:: WHAT YOU NEED TO DO ::
Begin at the line with "Funkita Toddler Girls" and set down each line exactly until the listing ends. Images stay out.

:: WORKING DATA ::
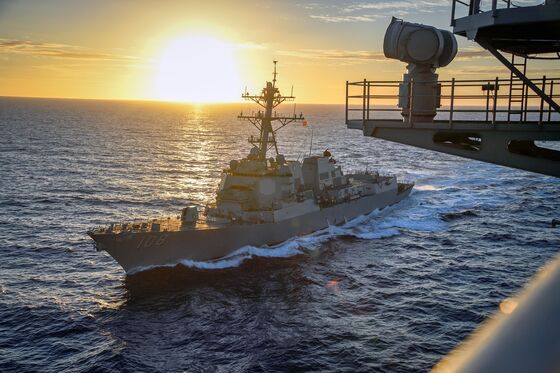 China Warns U.S. Warship Sailing Through South China Sea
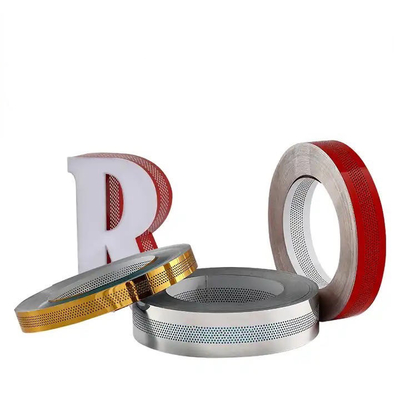 0.6 mm Dikte Trimless Channel Letter Coil Aluminium Trim Cap Letters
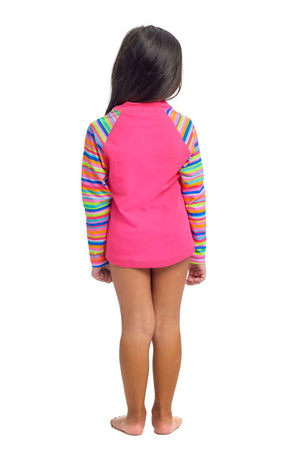 Funkita Toddler Girls Zippy Rash Vest - Join The Line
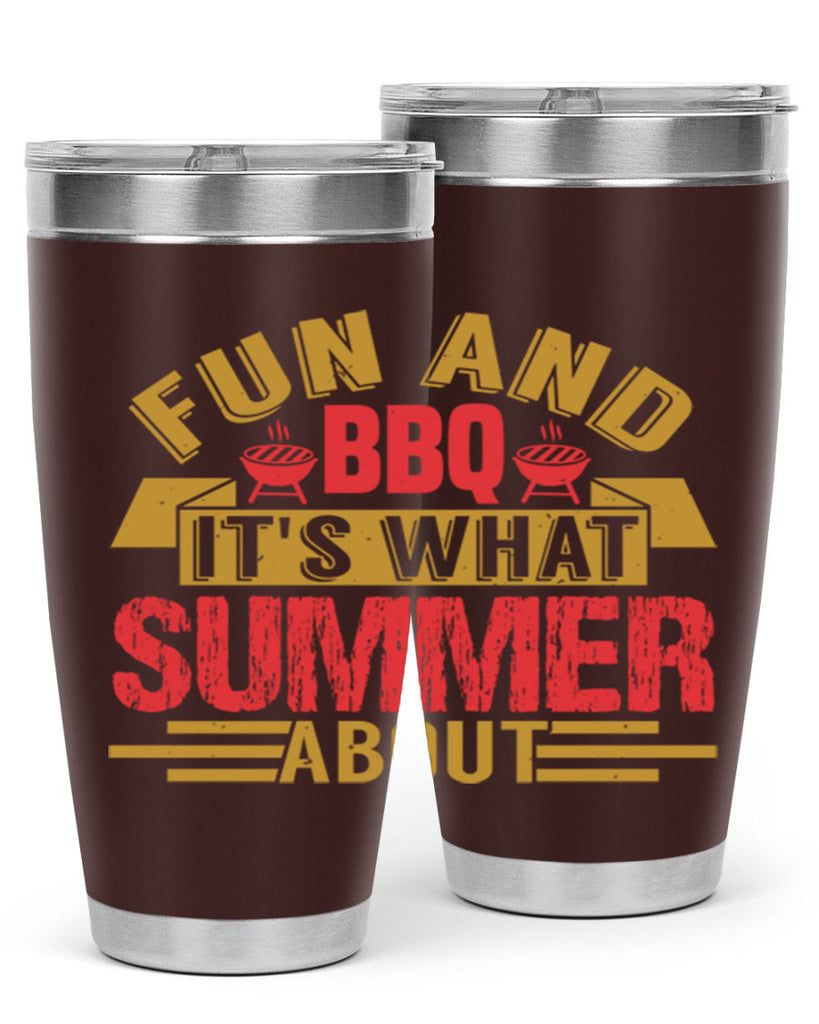 fun and bbq its what summer about 45#- bbq- Tumbler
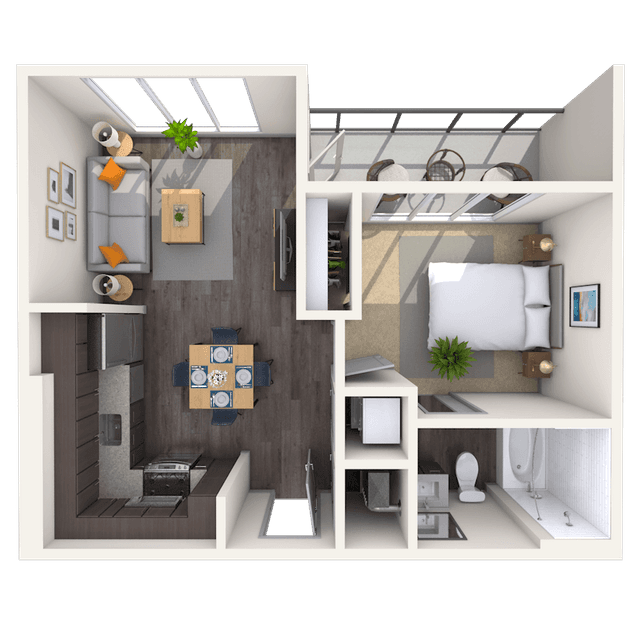 Floorplan image of unit 103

:: ANSWER FOR THIS EXERCISE ::
 Funkita Toddler Girls Zippy Rash Vest - Join The Line
 fun and bbq its what summer about 45#- bbq- Tumbler
 Floorplan image of unit 103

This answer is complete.